“Definiciones para esperar mi muerte”, por Homero Manzi


Homero Nicolás Manzione –tal el verdadero Homero Manzi– nació el 1º de noviembre de 1907 en la localidad santiagueña de Añatuya. Quinto entre ocho hermanos, hijo de un modesto empresario rural, Manzi se mudó con su madre a Buenos Aires cuando tenía nueve años. Pompeya fue el mundo de su infancia, la que le inspiró el amor por lo barrial. De joven, comenzó a escribir poemas y escenas teatrales y, muy pronto, sus primeros tangos.

Entonces, ya había ingresado al mundo de la política en un comité radical. El golpe de 1930 lo encontró como profesor de literatura de colegios nacionales y defendiendo la causa yrigoyenista. Tras una breve estadía en la cárcel, Manzi volvió al barrio y desató entonces su pasión por el tango. Habitué de cafés y milongas, entabló relaciones con Enrique Santos Discépolo, Leónidas Barletta, Nicolás Olivari, Roberto Arlt, Aníbal Troilo, Lucio Demare, Cátulo Castillo y Sebastián Piana, entre muchos otros, con quienes compartió largas charlas o para quienes escribió numerosas letras. No tardó en convertirse en uno de los poetas, letristas y rimadores más reconocidos del país, inmortalizando tangos como “Sur”, “Malena”, “Che, bandoneón” y “Milonga sentimental”, entre otros. Compositor de tangos, valses, candombes y milongas, no fue la música el único ámbito de indagación de los sentimientos nacionales. Manzi también fue periodista, director de cine y guionista, destacándose su adaptación de la novela de Leopoldo Lugones La guerra gaucha.

Pero a la par que plasmaba en el tango la poesía a la clase humilde, Manzi prosiguió su militancia política. Fundador de FORJA, a mediados de los ’30, junto a Arturo Jauretche y Raúl Scalabrini Ortiz, se alejó de la política años más tarde y se mantuvo distante y hasta opositor al peronismo emergente. Sin embargo, hacia 1947, ya miraba con otros ojos al presidente Juan Perón y, a finales de aquel año, en un mensaje radial, lo equiparó a su fallecido líder, Hipólito Yrigoyen, como forjador de la causa nacional. Pero entonces enfermó de cáncer. Falleció tiempo después, a los 43 años, el 3 de mayo de 1951. Lo recordamos con un poema que escribió pocos días antes de su muerte.

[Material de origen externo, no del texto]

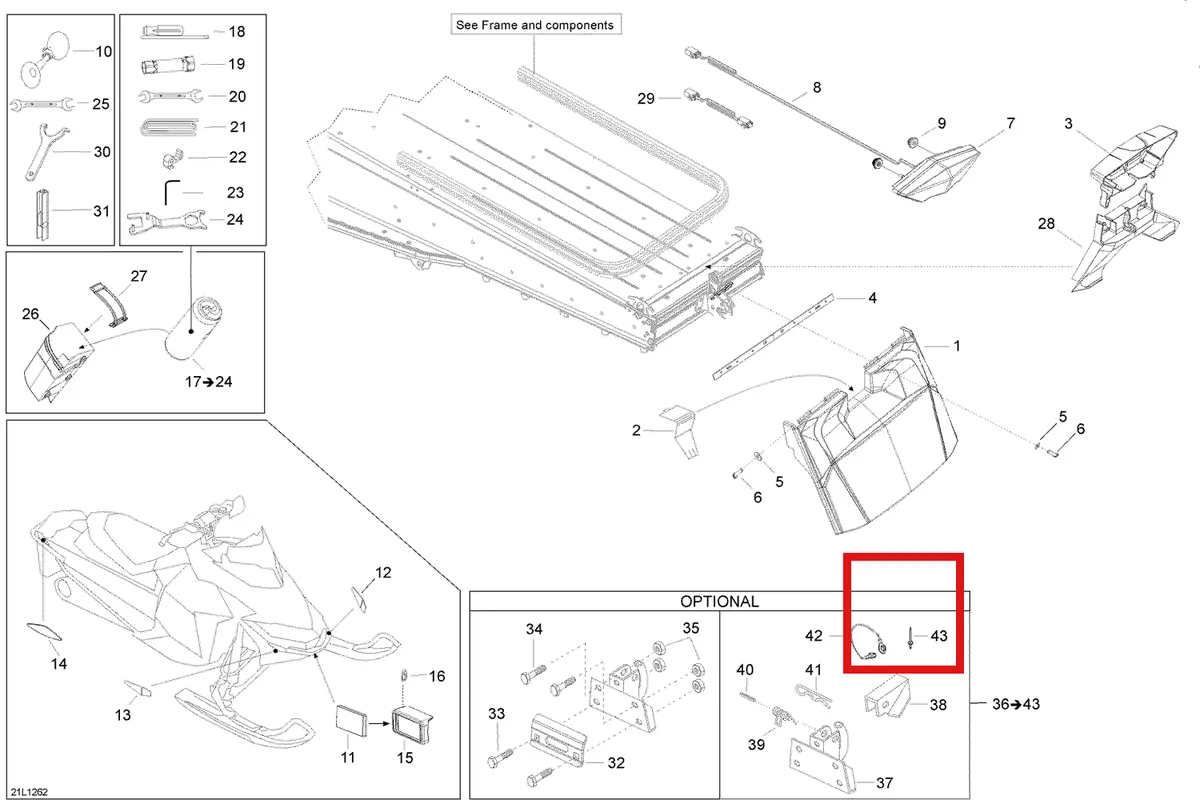 Деталь 520001182 (Деталь Snow Flap Cover) на схеме узла 09- Utilities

Fuente: “Yo era Homero Manzi”, artículo producido y escrito por Horacio Ferrer y Alejandro Saenz Germain; en Revista Gente, Nº 198, 8 de agosto de 1969, pág. 54.

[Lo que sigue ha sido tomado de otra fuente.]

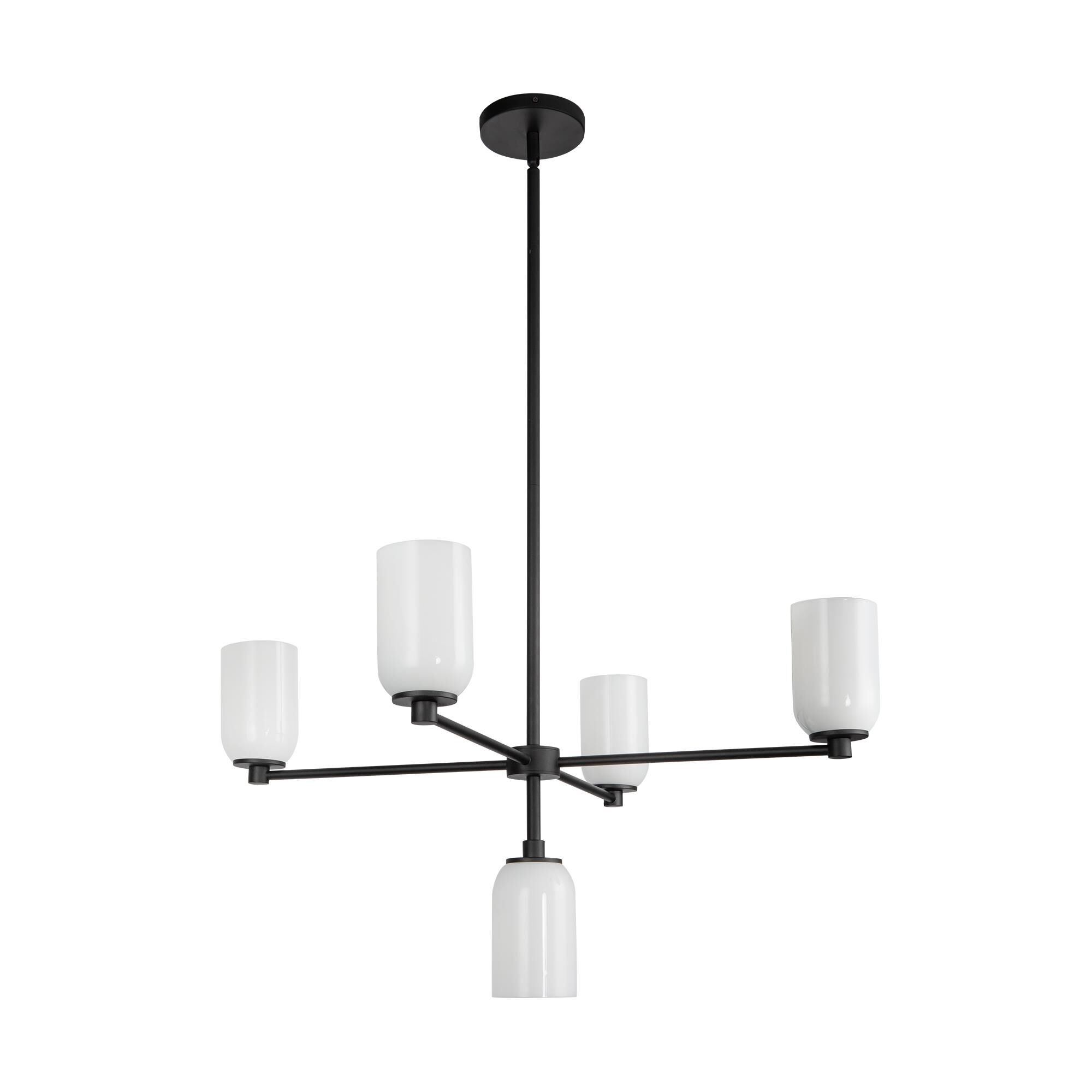 Shown in Black finish and Glossy Opal glass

Cuando ya su cáncer lo había sentenciado a muerte –y él lo supo- Homero Manzi hizo con esa muerte lo que siempre había hecho con su vida; no lloró, no gritó, no dijo palabras tremendas. Fue a su casa, se miró en el espejo y murmuró: “Pensar que te vas a morir, gordo”. Después acomodó una hoja de papel sobre la mesa. Y con la misma precisión romántica de poeta verdadero con que había pergeñado su primer valsecito, se arrancó este último poema: corría abril de 1951.

Puedo cerrar los ojos

Lejos de las pequeñas sonrisas que conozco.

Escuchando estos ruidos recién llegados.

Viendo estas caras nuevas.

Como si de pronto los mil lentes de la locura

Me trasladaran a un planeta ignorado.

Estoy lleno de voces y de colores

Que juraron acompañarme hasta la muerte.

Como amantes resignadas

Al breve paso de mi eternidad.

Sé que hay recuerdos que querrán abandonarme

Sólo cuando mi cuerpo hinche un hormiguero sobre la tierra.

Sé que hay lágrimas largamente preparadas para mi ausencia.

Sé que mi nombre sonará en oídos queridos

Con la perfección de una imagen.

Y también sé que a veces dejará de ser un nombre

Y será sólo un par de palabras sin sentido.

Estoy lleno de voces y de colores. Unas veces

Recogidos en el sonambulismo de la marcha.

Otras, inventadas tras mi propia soledad.

Con ello se integra un cortejo final de despedida.

Se cambiarán en lágrimas y palabras piadosas.

Pero hoy, en medio de lo que todavía no he podido amar,

Evoco a los marinos encerrados en las paredes altas de la tormenta;

A los soldados caídos sobre hierbas lejanas;

A los peregrinos que duermen bajo la sombra de árboles innominados;

A los niños que yacen contemplando el yeso de los hospitales

Y a los desesperados, que entregan el último gesto

Frente al paisaje final e instantáneo de la demencia.